First, here are three short quotes taken from three excellent books.

    Interest in Schopenhauer's philosophy is now returning after a long period of neglect. He has always been acknowledged as one of the greatest writers of German prose, but only recently has he begun to recover recognition as the only major Western philosopher to build bridges between Western and Eastern thought; as a philosopher whose impact on creative writers has never been surpassed; as possibly the greatest individual influence on Wittgenstein; and above all as a great philosopher in his own right. Many ideas which are thought of today as characteristically 'modern' received their first unequivocal expression in his pages. Not surprisingly, a new generation is feeling a need to study his work.
     
            - From the dust-jacket of Bryan Magee's 'The Philosophy of Schopenhauer' (Clarendon Press, 1983)
                                        .

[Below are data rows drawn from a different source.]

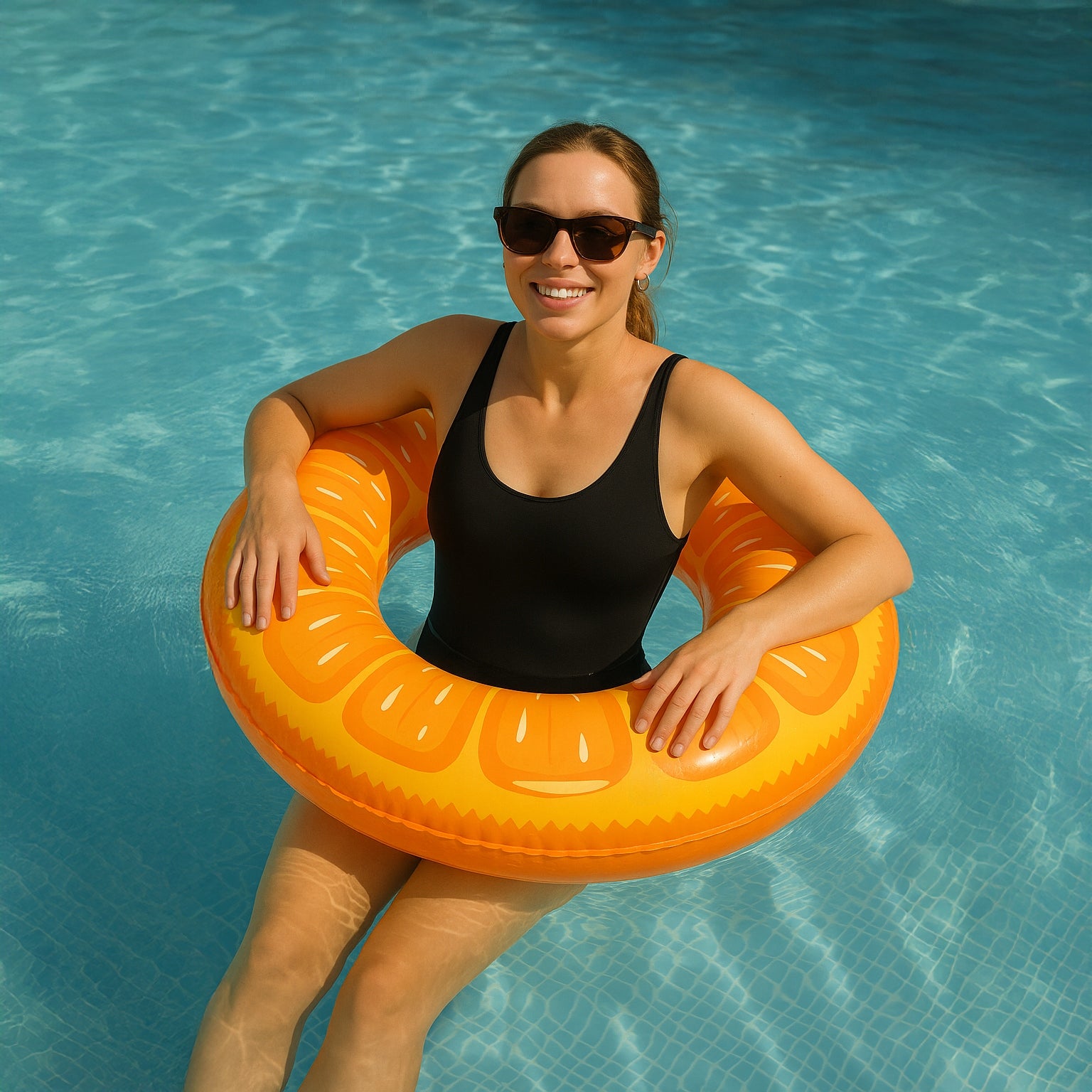 SWIMMING WHEEL INFLATABLE LARGE WATER BEACH MATTRESS CIRCLE ORANGE CHILDREN Color orange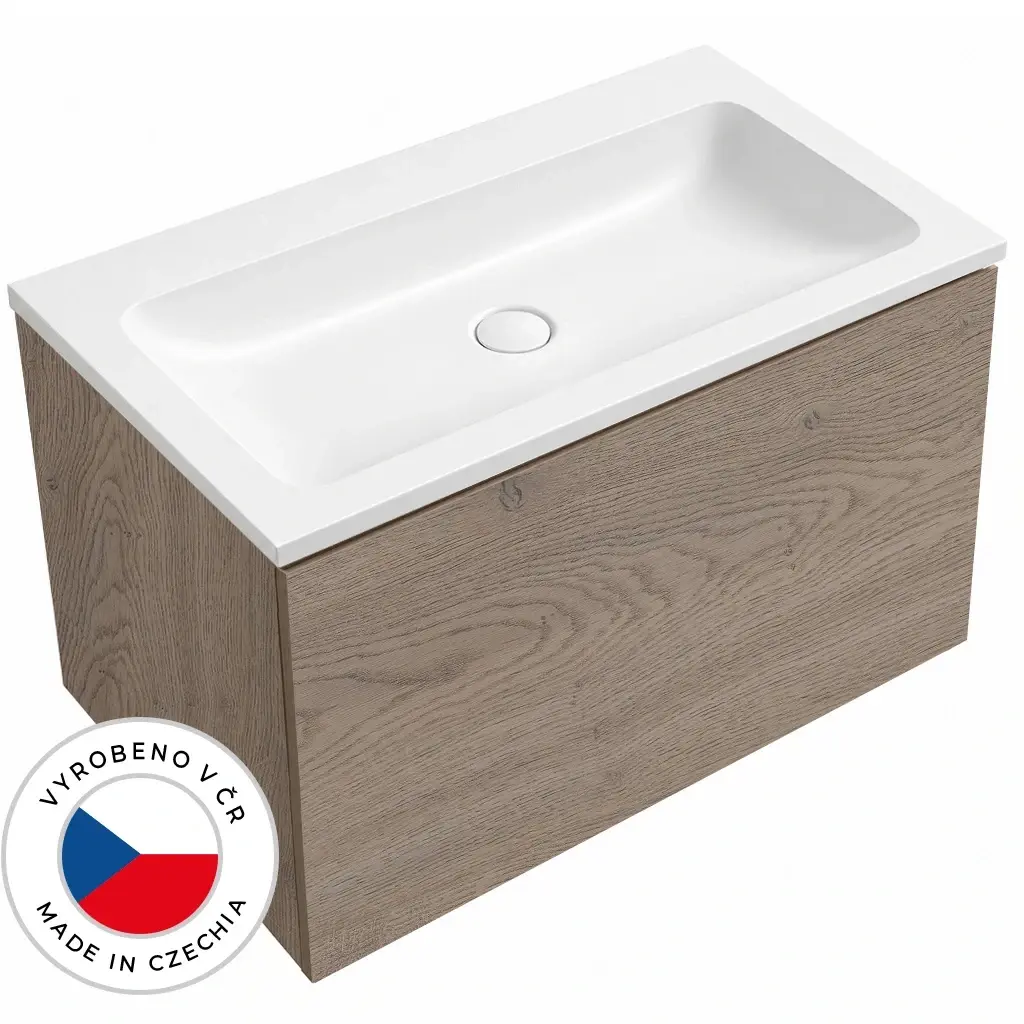 CERANO Koupelnová skříňka Adele dub Cannolo Cremona + umyvadlo z lit. mramoru Amati bílá matná 100,8x41,5x46,8  CER-007229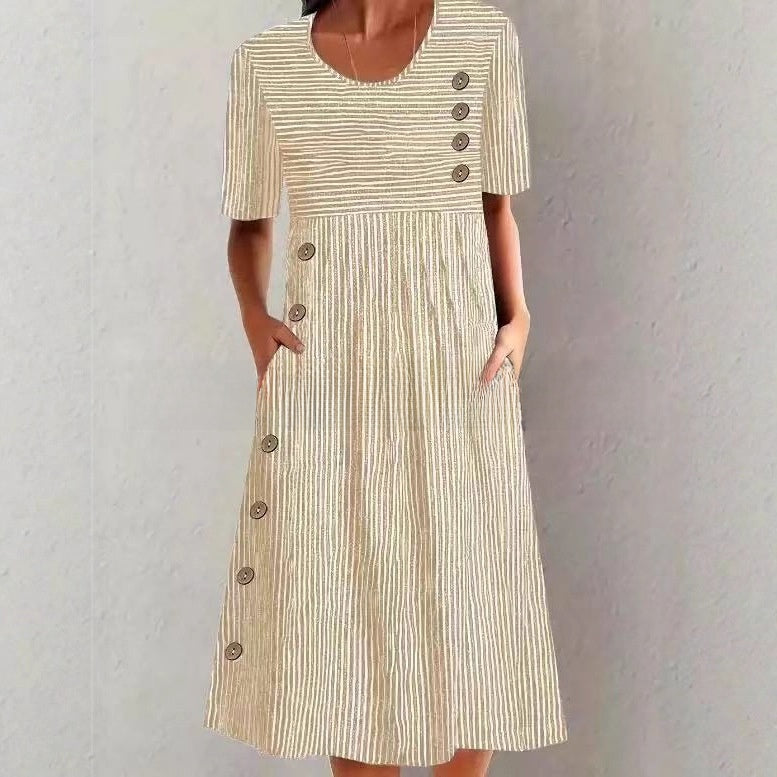 Long Sleeveless Pocket Dress with Buttons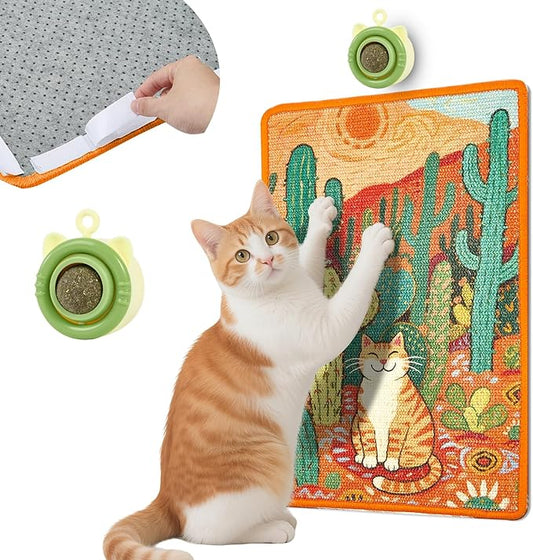 Wall Cat Scratche Stylish Sisal Scratch Mat with Natural Catnip, Artistic Furniture Protector for Couch/Wall, Durable Anti-Scratch Pad for Cats (23.6x15.7 Inch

    [Schopenhauer] shared with the romantics the rejection of science, and the celebration of the aesthetic and the creative. His metaphysical position was that the world is a transcendental illusion; reality is first to be found within ourselves, and then not as reason but as irrational, impersonal Will. It is the Will that throws us this way and that through desire and emotion, but it is never under our personal control. The Will is in no sense a personal Will (any more than Hegel's Spirit is personal); it is ultimately the reality of all things, most obviously in the case of other living creatures whose lives are no more - and no less - meaningful than our own. On the rational foundation built by Kant, Schopenhauer demonstrates that life is intrinsically absurd. At best we might see our way through the absurdity, and achieve some sort of quasi-Nirvanic peace by denying the Will and the futile desires that are its most immediate manifestations.
     
            - Robert C. Solomon, 'Continental Philosophy Since 1750'
                (Oxford University Press, 1988), pp. 75-76

    The idea which allowed his monumental book ['The World as Will and Representation'] to take shape was his conception of the will. In the finished work, as its title indicates, Schopenhauer presents the world as having two sides, that of Vorstellung (representation), or the way things present themselves to us in experience, and that of Wille (will), which is, he argues, what the world is in itself, beyond the mere appearances to which human knowledge is limited. ... His notion of will is probably best captured by the notion of striving towards something, provided one remembers that the will is fundamentally 'blind', and found in forces of nature which are without consciousness at all. ... Schopenhauer thinks ordinary existence must involve the dual miseries of pain and boredom, insisting that it is the very essence of humanity, indeed of the world as a whole, that it should be so.
     
            - Christopher Janaway, 'Schopenhauer'
                (Oxford University Press, 1994), p. 6.